§ WHAT NEEDS TO BE DONE: State the number of lines in these records holding "with". Say nothing more.

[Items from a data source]
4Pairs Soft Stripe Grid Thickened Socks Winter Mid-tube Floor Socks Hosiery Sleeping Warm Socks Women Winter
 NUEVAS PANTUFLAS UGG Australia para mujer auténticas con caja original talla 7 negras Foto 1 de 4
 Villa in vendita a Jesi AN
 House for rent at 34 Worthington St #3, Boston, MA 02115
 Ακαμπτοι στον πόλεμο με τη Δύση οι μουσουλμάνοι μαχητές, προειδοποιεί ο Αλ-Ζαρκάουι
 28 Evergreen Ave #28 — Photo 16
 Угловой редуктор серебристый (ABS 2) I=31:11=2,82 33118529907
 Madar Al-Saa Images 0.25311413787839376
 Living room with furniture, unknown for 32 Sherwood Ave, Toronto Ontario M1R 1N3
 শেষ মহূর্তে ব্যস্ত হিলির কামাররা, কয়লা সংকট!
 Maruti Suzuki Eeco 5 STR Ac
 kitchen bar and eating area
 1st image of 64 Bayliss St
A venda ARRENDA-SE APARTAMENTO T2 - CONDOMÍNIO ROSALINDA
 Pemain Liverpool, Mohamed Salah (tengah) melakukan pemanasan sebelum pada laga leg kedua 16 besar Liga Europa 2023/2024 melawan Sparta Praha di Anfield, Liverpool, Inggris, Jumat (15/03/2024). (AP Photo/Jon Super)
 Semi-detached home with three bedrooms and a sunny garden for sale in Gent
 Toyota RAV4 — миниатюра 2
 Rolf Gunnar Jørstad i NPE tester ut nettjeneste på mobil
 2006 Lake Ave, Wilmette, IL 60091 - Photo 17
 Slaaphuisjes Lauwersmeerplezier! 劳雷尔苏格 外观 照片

§ ANSWER FOR THIS EXERCISE: 2